Gastroenterology Coding Alert

Verify 5 Facts Before Submitting Lower GI Endoscopy Claims

Hint: The type of scope your gastro uses could change the code completely Picking your lower endoscopy code doesn't have to be rocket science if you zoom in on the right items. According to Linda Parks, MA, CPC, CMC, CMSCS, an independent coding consultant in Atlanta, when reporting lower gastrointestinal endoscopic procedures, you need to scan the note for the following facts: • the approach method • the length of scope insertion • what the doctor did through the scope • the patient's diagnosis. • the type of scope the doctor used If you address these five areas before sending out lower GI endoscopy claims, you stand a greater chance at success with payers. Identify the Approach Method The initial step in coding a GI endoscopy is identifying whether the procedure is an upper or lower GI endoscopy, says Jan Rasmussen, CPC, AGS-GI, ACS-OB, president of Professional Coding Solutions in Eau Claire, Wis.

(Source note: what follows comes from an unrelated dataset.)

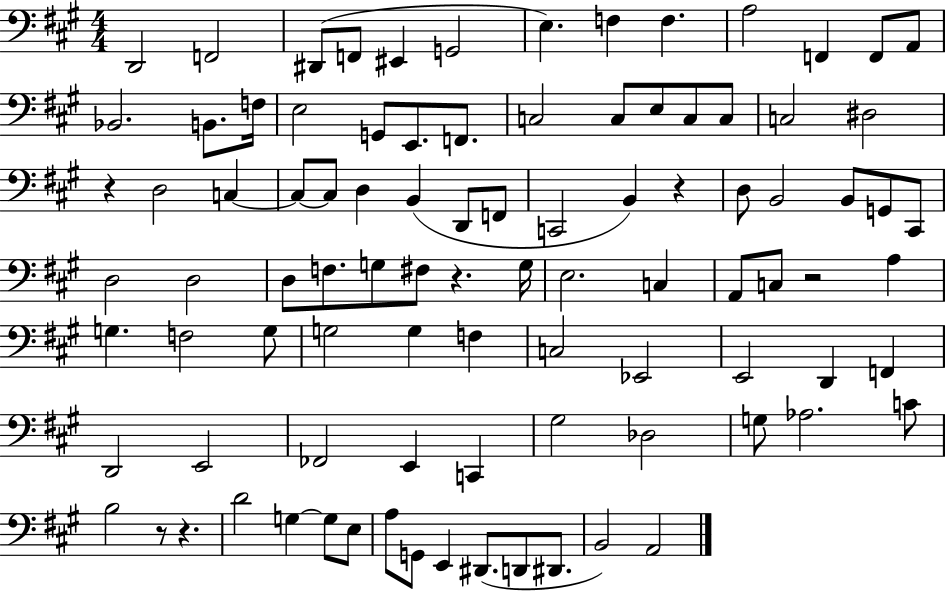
D2/h F2/h D#2/e F2/e EIS2/q G2/h E3/q. F3/q F3/q. A3/h F2/q F2/e A2/e Bb2/h. B2/e. F3/s E3/h G2/e E2/e. F2/e. C3/h C3/e E3/e C3/e C3/e C3/h D#3/h R/q D3/h C3/q C3/e C3/e D3/q B2/q D2/e F2/e C2/h B2/q R/q D3/e B2/h B2/e G2/e C#2/e D3/h D3/h D3/e F3/e. G3/e F#3/e R/q. G3/s E3/h. C3/q A2/e C3/e R/h A3/q G3/q. F3/h G3/e G3/h G3/q F3/q C3/h Eb2/h E2/h D2/q F2/q D2/h E2/h FES2/h E2/q C2/q G#3/h Db3/h G3/e Ab3/h. C4/e B3/h R/e R/q. D4/h G3/q G3/e E3/e A3/e G2/e E2/q D#2/e. D2/e D#2/e. B2/h A2/h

Main difference: With upper GI endoscopies, the physician most often inserts the endoscope in the patient orally. With lower GI endoscopies, the approach is via the anus, Rasmussen says. Example: If the op note states, "Inserted endoscope anally in Patient X," the procedure would be a lower GI endoscopy. Place Importance on Scope Length and Type Once you have decided that a procedure is a lower GI endoscopy, you can begin searching the notes for an indication of how far the gastroenterologist inserted the scope into the patient, Rasmussen says. For lower GI endoscopy, you need to know the insertion's extent to choose between four separate code sets. Focus on how far the gastroenterologist inserted the endoscope. According to Rasmussen, if the gastroenterologist examines the:  • anus (up to 5 cm of insertion), you should assign a code from the anoscopy code set: 46600 (Anoscopy; diagnostic, with or without collection of specimen[s] by brushing or washing [separate procedure]) to 46615 ( ... with ablation of tumor[s], polyp[s], or other lesion[s] not amenable to removal by hot biopsy forceps, bipolar cautery or snare technique). • anal canal, rectum and the sigmoid colon (6-25 cm), choose a proctosigmoidoscopy code: 45300 (Proctosigmoidoscopy, rigid; diagnostic, with or without collection of specimen[s] by brushing or washing [separate procedure]) to 45321 (... with decompression of volvulus). Red flag: Your gastroenterologist will need to indicate the type of scope he used (such as rigid versus flexible), Parks says. • entire rectum, sigmoid colon, and/or performs an exam of a portion of the descending colon up to the splenic flexure (26-60 cm), report a sigmoidoscopy code: 45330 (Sigmoidoscopy, flexible; diagnostic, with or without collection of specimen[s] by brushing or washing [separate procedure]) to 45339 (... with ablation of tumor[s], polyp[s], or other lesion[s] not amenable [...]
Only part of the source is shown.